The #SFGiants strike first ☝️ pic.twitter.com/AG3kUqv7dA
— SFGiants (@SFGiants) June 26, 2024
The Giants had a 2-0 lead, which didn’t feel like enough to sustain a second consecutive bullpen game, but in hindsight would have.
But insurance runs are always a treat, and the Giants chased after them in the eighth inning, once again having a whole-assed rally where we’ve come to expect a half-assed one. If it was the veterans doing damage in the second, it was the youngsters in the eighth. Luis Matos led off the inning with his second single of the day, and ended up at third when Brett Wisely smacked one off that special part of the bricks where Statcast quickly informs you that it would have been a home run in 29 other ballparks.

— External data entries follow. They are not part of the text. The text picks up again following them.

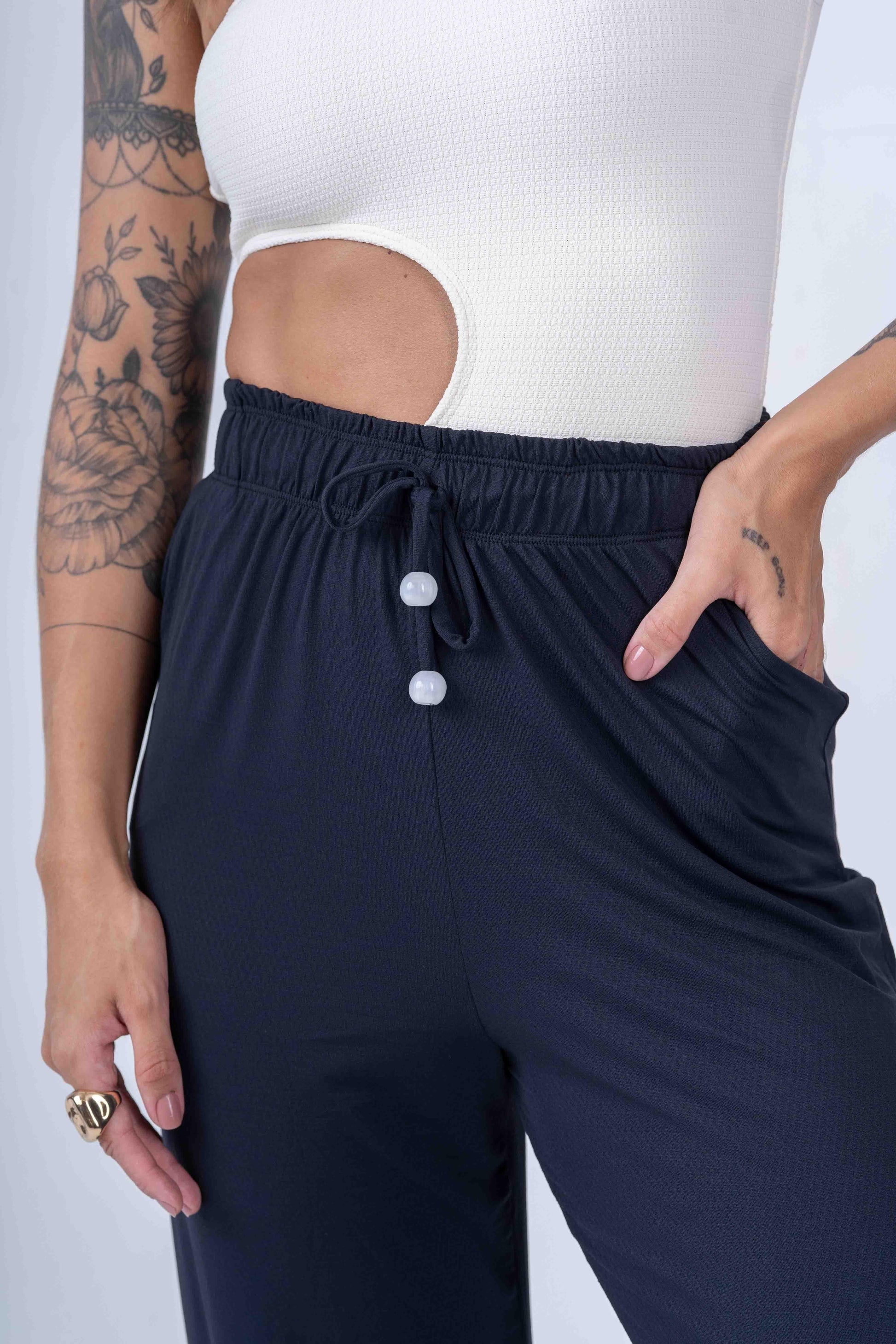 Calça pantalona beach preta - Maré Maria moda fitness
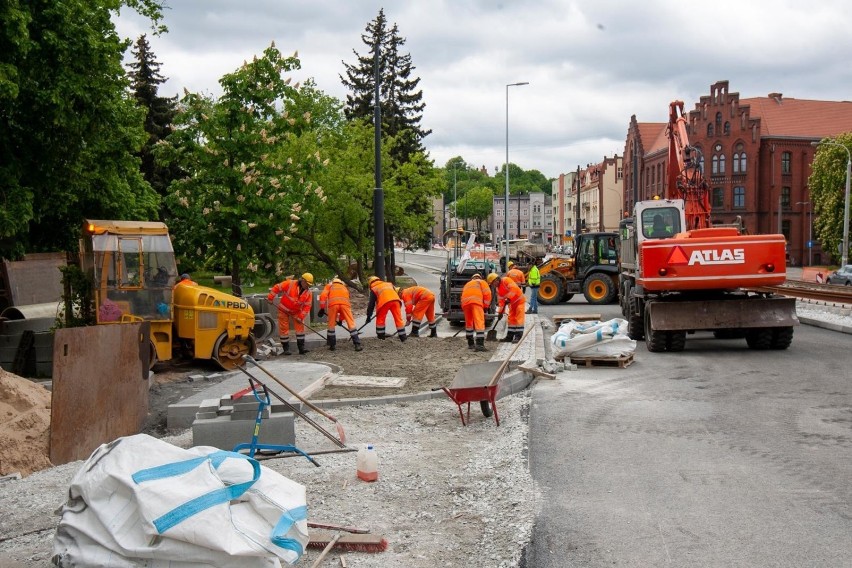 Budowa ścieżki rowerowej, Bydgoszcz, rondo Bernardyńskie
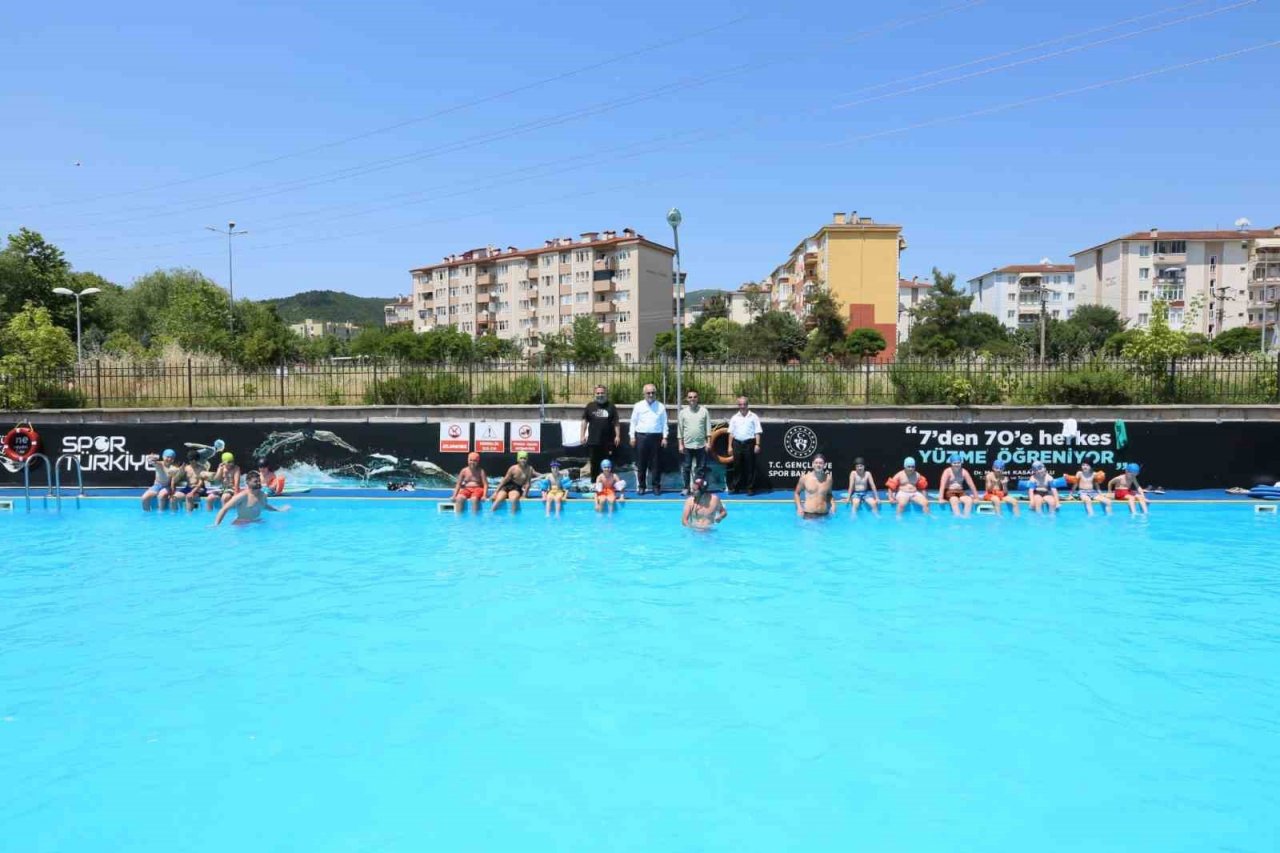 Derince’de yüzme bilmeyen kalmayacak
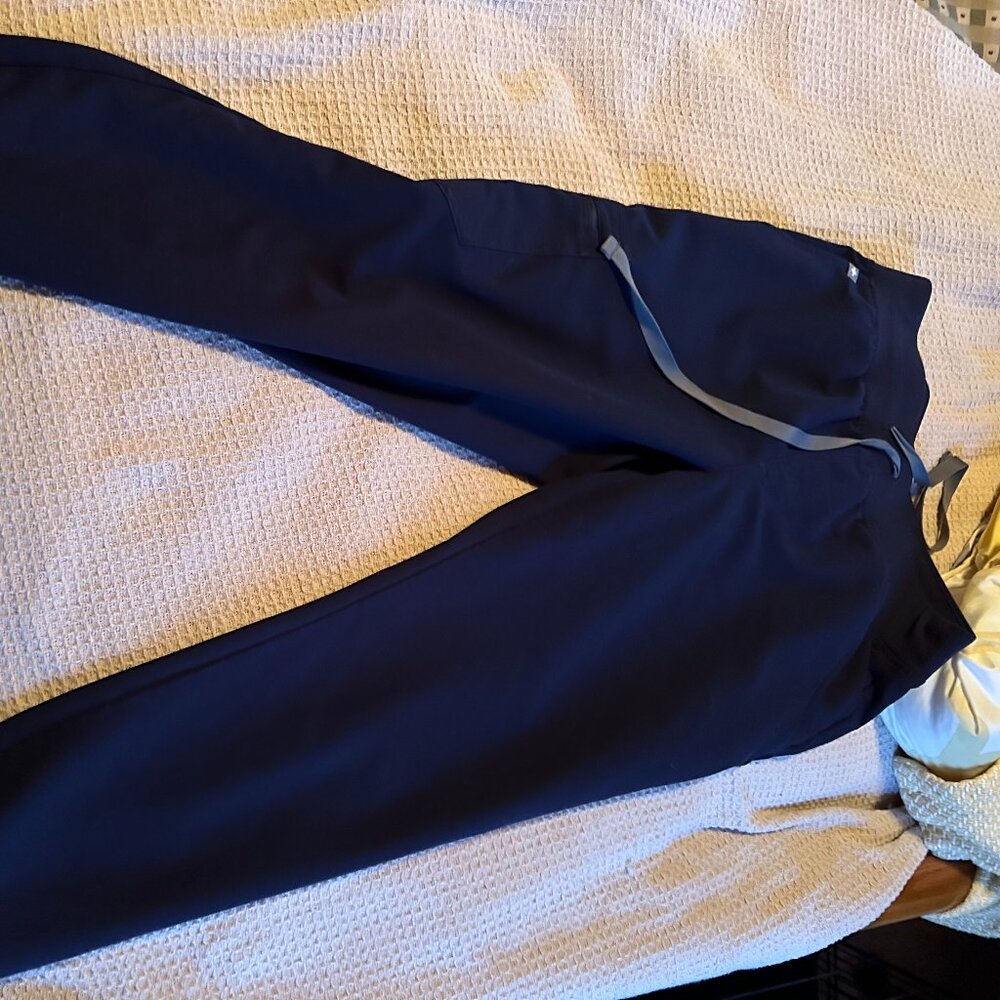 High Waisted Uman Relaxed Jogger Scrub Pants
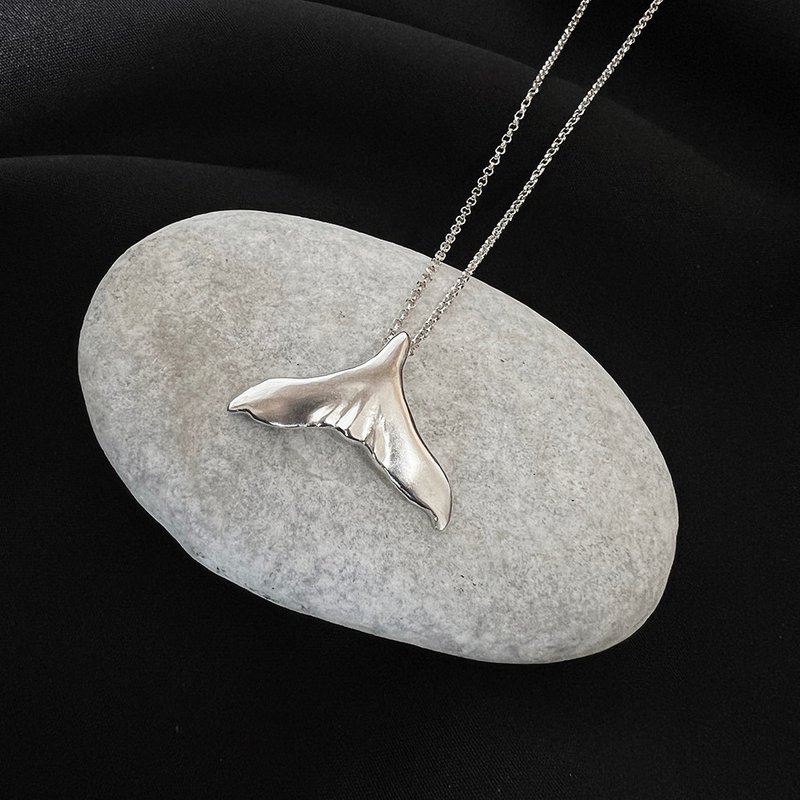 Whale tail silver necklace - สร้อยคอ - เงินแท้ สีเงิน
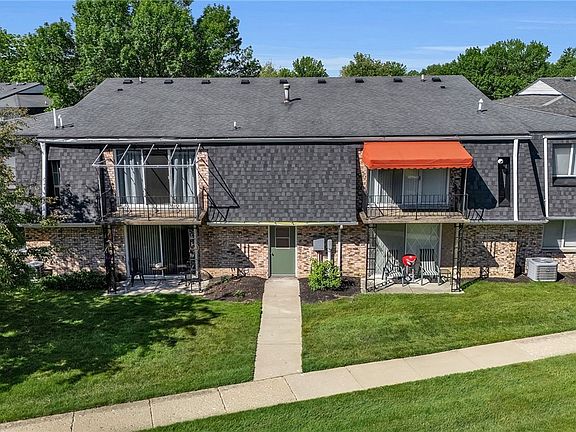2nd image of 46B Foxberry Dr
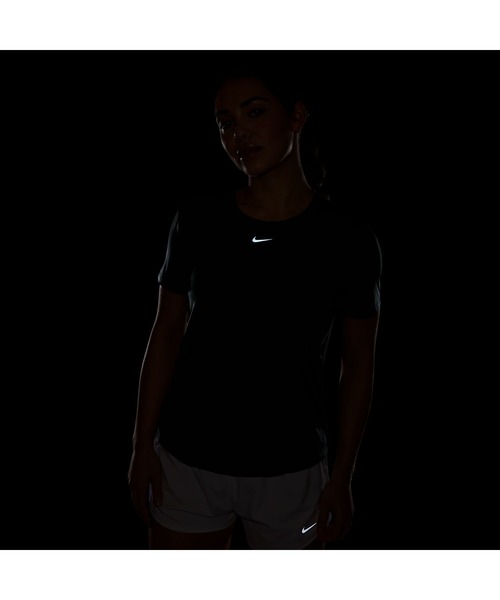 NIKE(ナイキ)の「ナイキ NIKE ナイキ ワン DF S/S スリム トップ(Tシャツ/カットソー・レディース・カーキ/ラベンダー・S/M/L)」の9枚目の写真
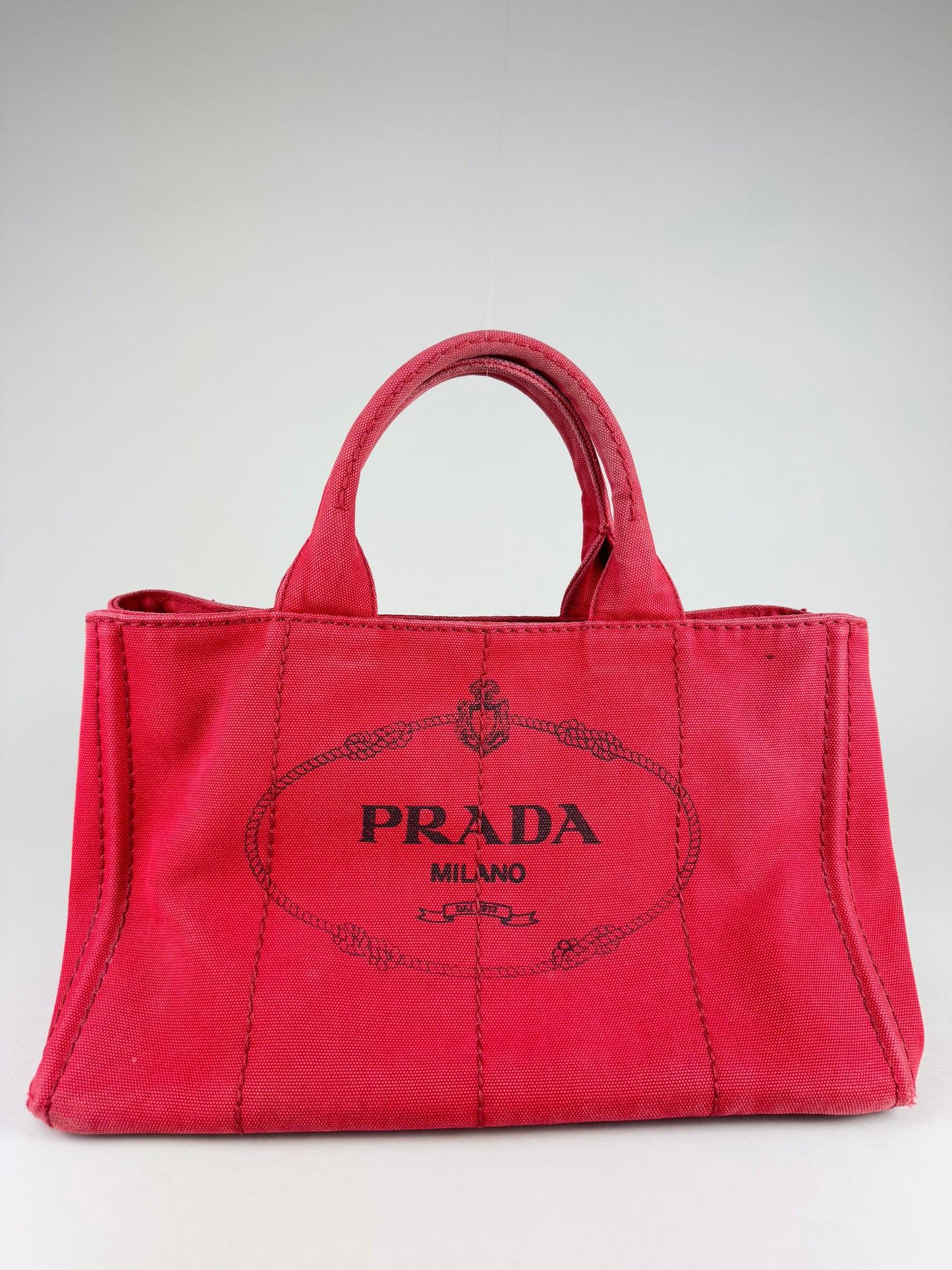 Prada Canapa MM - respace.studio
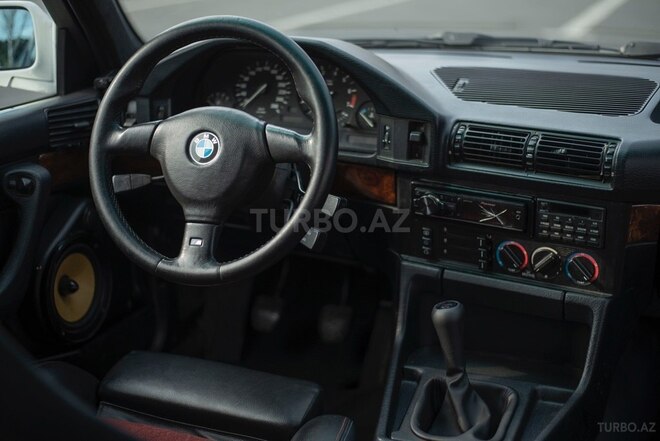 BMW 525 1989, 445,000 km - 2.5 l - Bakı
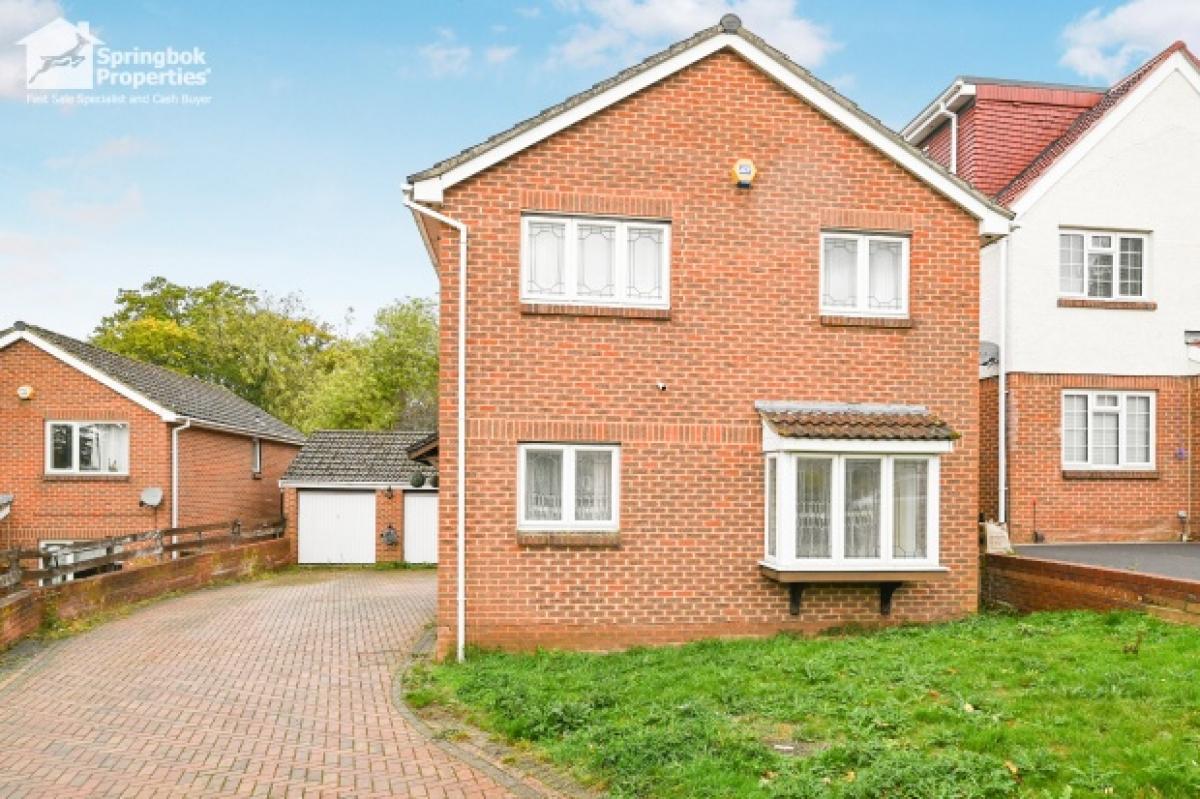 Picture of Home For Sale in Reading, Berkshire, United Kingdom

With a prime RBI situation in front of him — runners at second and third and no outs — Heliot Ramos displayed the restraint that has (along with hitting the absolute crap out of baseballs) come to define his breakout season. Happy to leave the work for the next man in line, Ramos sat on a pair of tempting two-strike pitches, a drew a bases-loading walk.
The next man in line couldn’t get the job done, as Bailey grounded into a fielder’s choice, but the next next man in line and the next next next man in line were plenty enough: Soler smacked one deep to center field for an insurance-adding sacrifice fly, and Chapman did the final damage, whopping a two-out, two-run single to make the score 5-1, and to make you suddenly more concerned about Doval’s impending appearance.
Insurance, courtesy of Matt Chapman pic.twitter.com/xHfWumL2g2
— SFGiants (@SFGiants) June 26, 2024
Bullpen games, it turns out, can work just fine. But in an ironic twist, the largest excitement of the day came not from the success of the bullpen game, but in the news that Wednesday’s game would break from the script. Shortly before embarking in what would prove to be their second-straight victory, the Giants announced that Hayden Birdsong — arguably the top pitching prospect in the system — would be called up to make Wednesday’s start, after just two games in AAA.